▶ Exercise prompt
With the pictures left out, restate exactly the part below that opens with the line containing "Funny memes When" and closes with the line containing "Life Is Good".

▶ Recorded data
^^^^
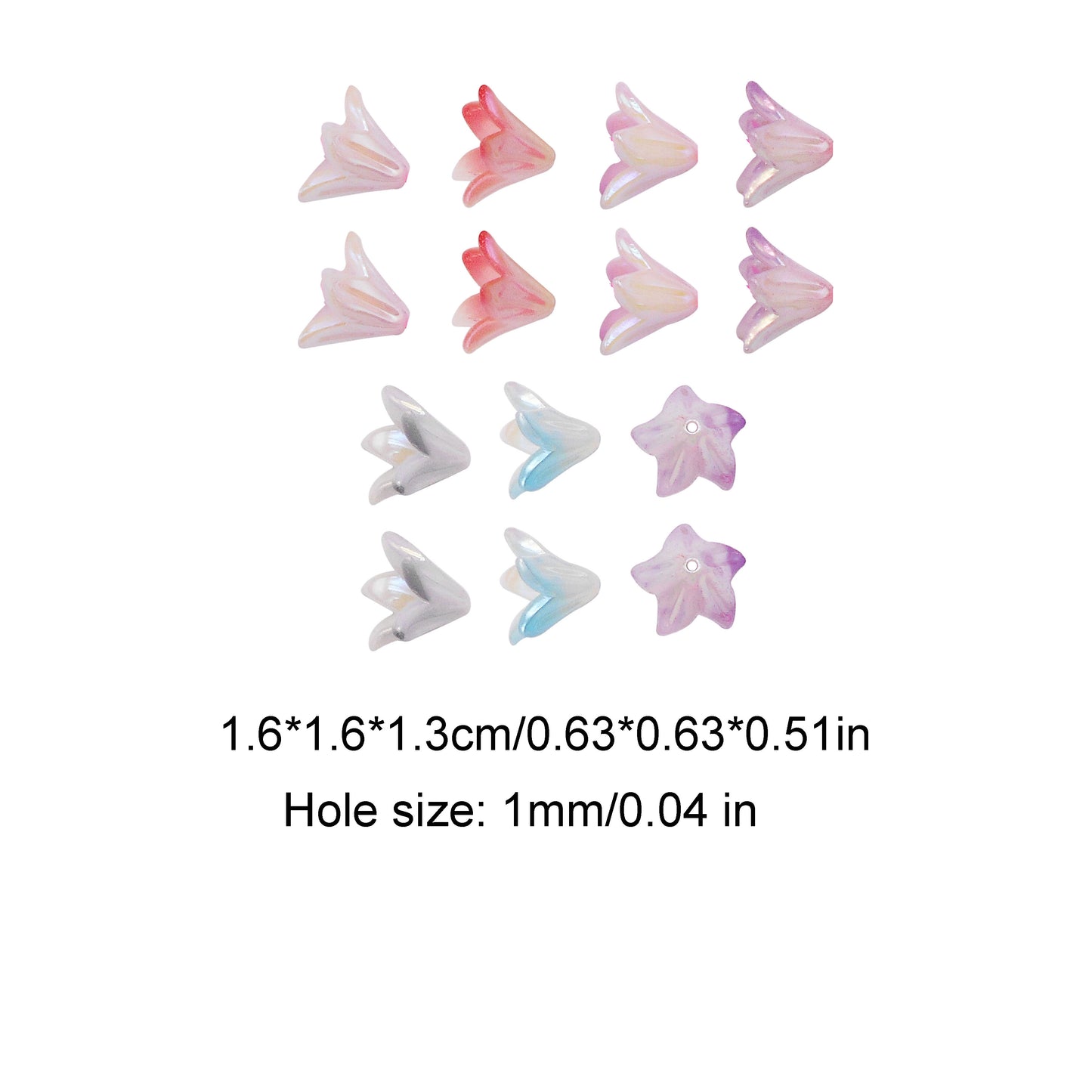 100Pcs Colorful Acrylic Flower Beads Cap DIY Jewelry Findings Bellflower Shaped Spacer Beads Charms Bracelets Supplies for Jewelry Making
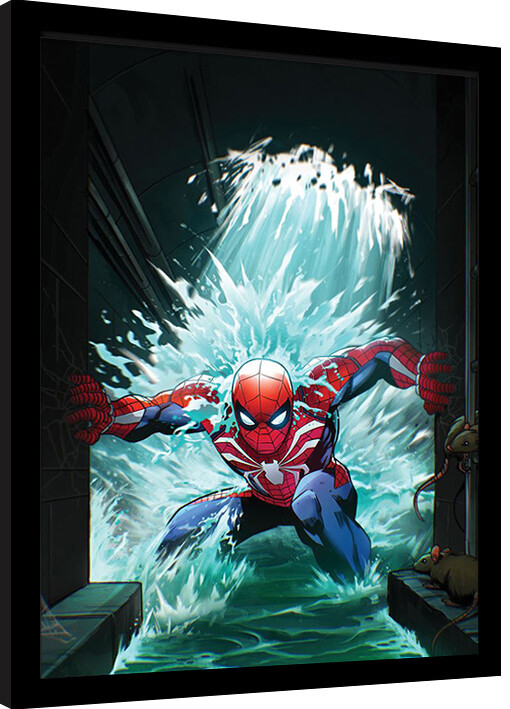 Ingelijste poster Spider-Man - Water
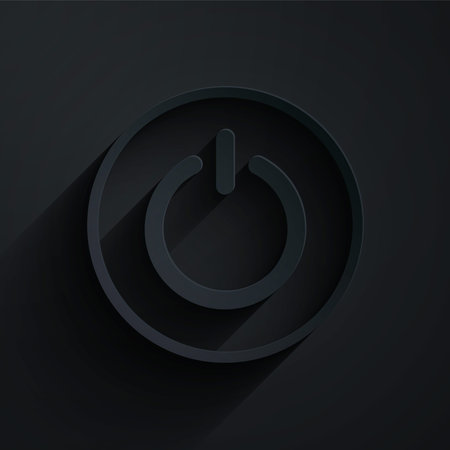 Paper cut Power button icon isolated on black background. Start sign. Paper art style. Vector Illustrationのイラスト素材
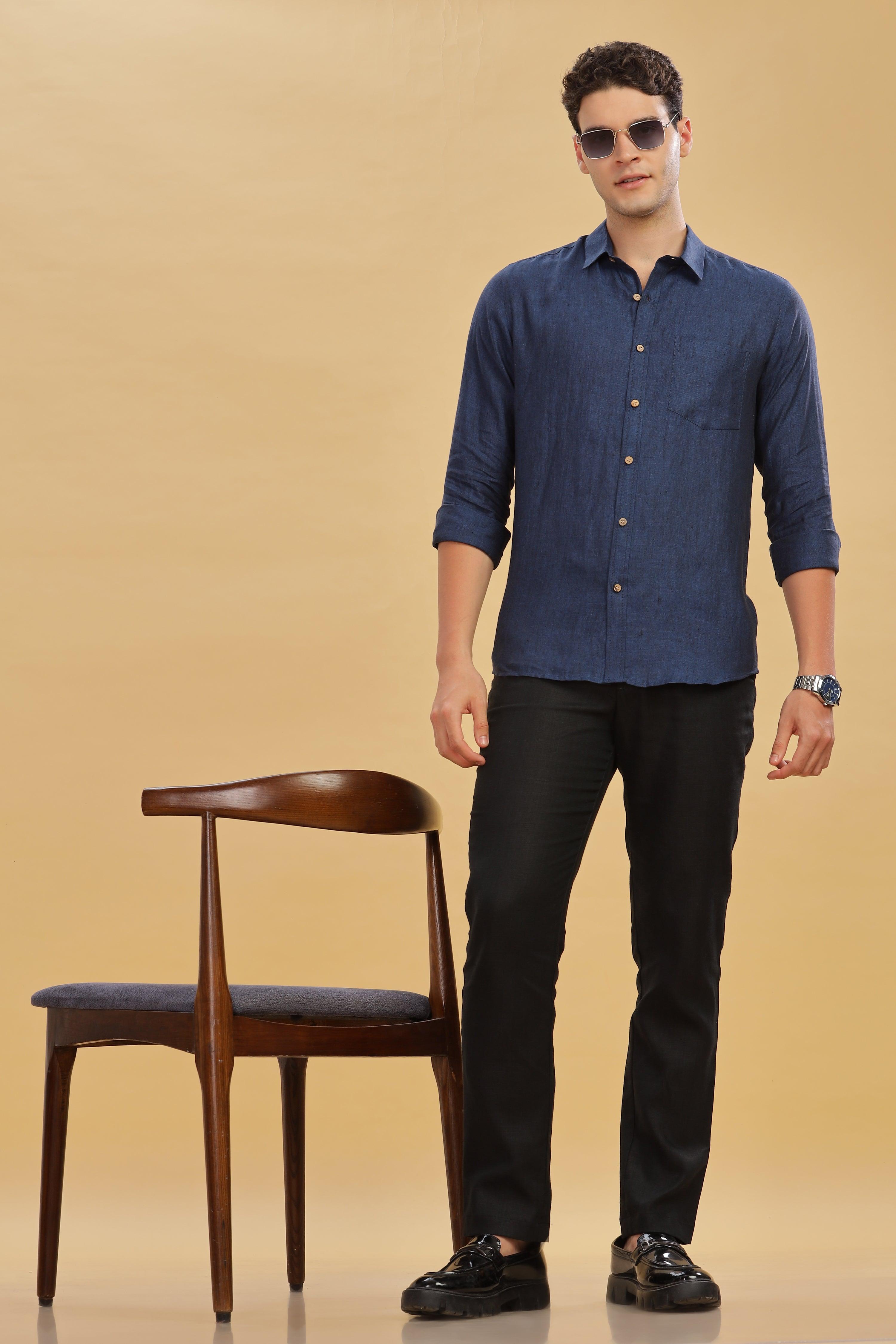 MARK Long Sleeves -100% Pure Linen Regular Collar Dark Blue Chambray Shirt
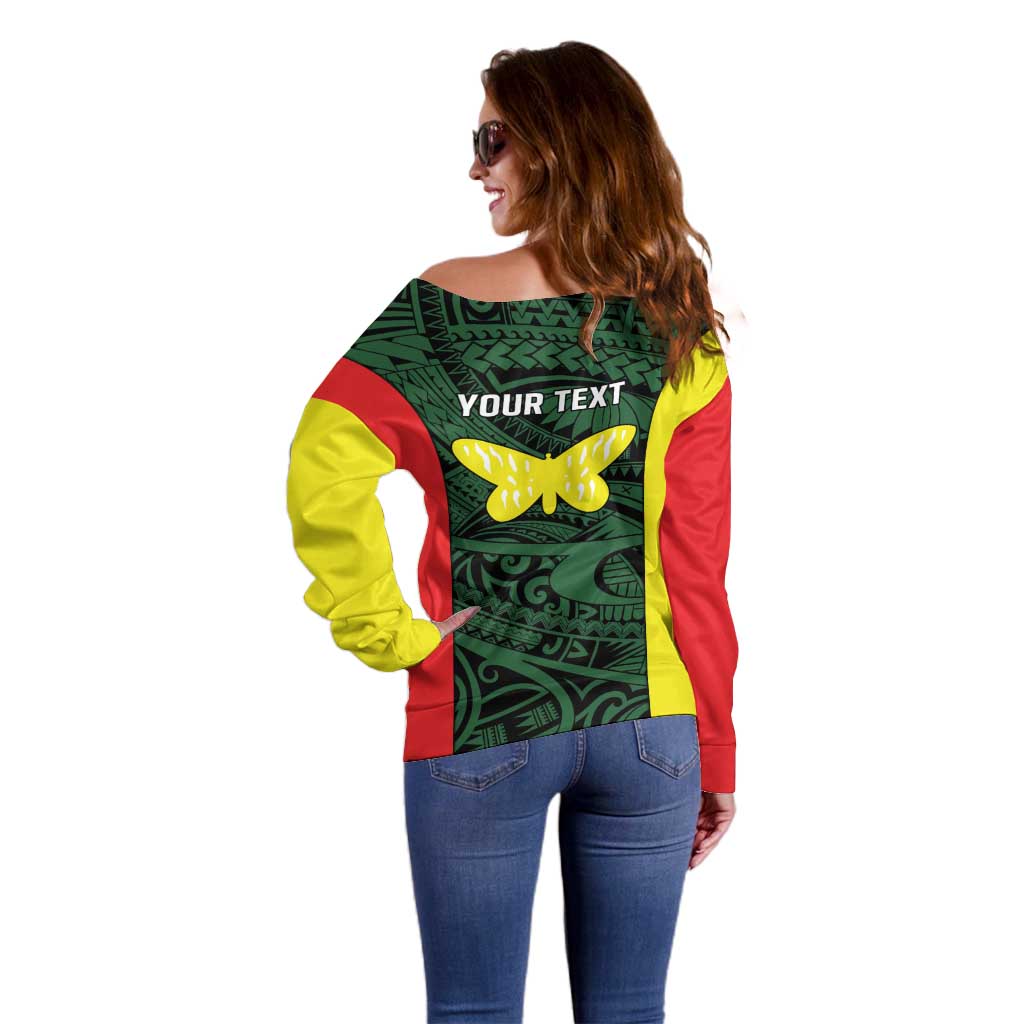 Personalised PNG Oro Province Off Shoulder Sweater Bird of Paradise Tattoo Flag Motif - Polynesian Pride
^^^^
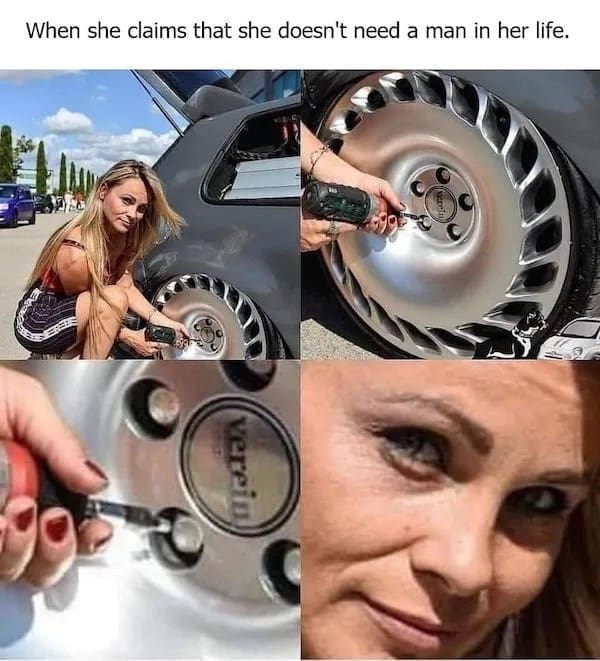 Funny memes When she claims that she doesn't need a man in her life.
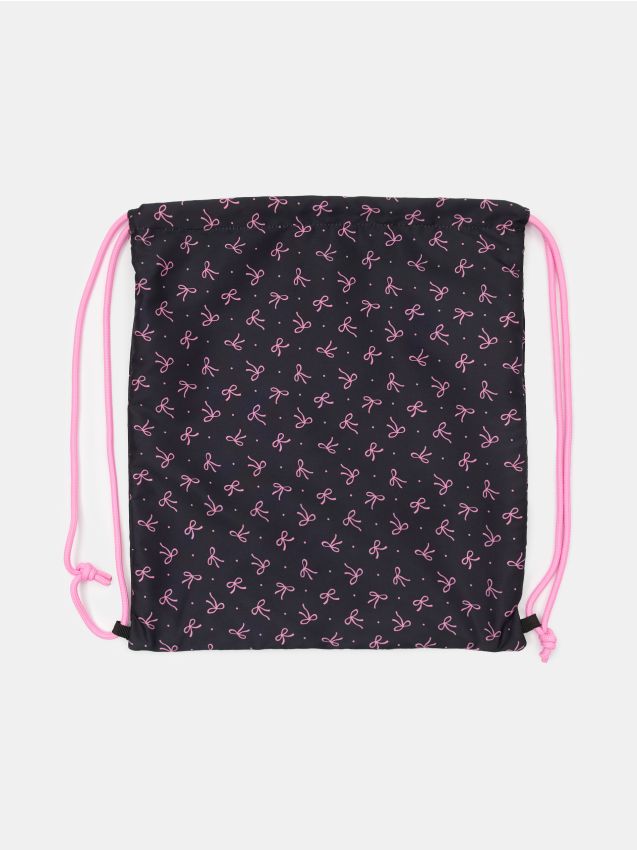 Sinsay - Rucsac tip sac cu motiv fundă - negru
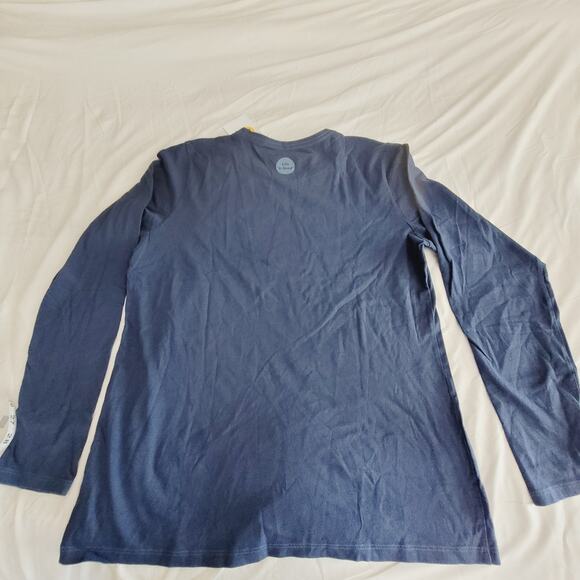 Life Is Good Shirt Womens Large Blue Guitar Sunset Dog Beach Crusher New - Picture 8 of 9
^^^^
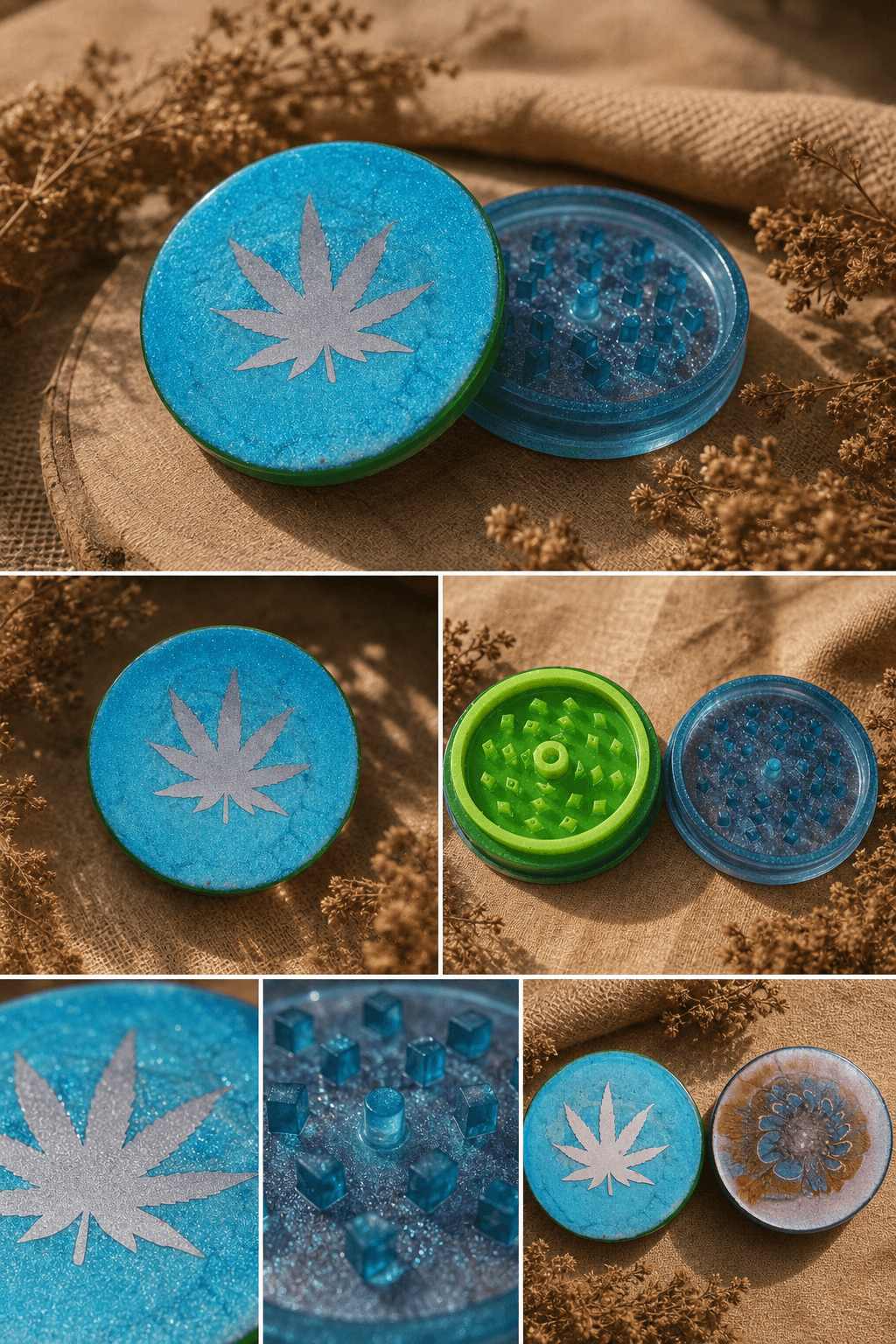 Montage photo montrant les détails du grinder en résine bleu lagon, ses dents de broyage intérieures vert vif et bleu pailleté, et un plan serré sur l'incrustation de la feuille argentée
^^^^
▶ Response for this exercise
 Funny memes When she claims that she doesn't need a man in her life.
 Sinsay - Rucsac tip sac cu motiv fundă - negru
 Life Is Good Shirt Womens Large Blue Guitar Sunset Dog Beach Crusher New - Picture 8 of 9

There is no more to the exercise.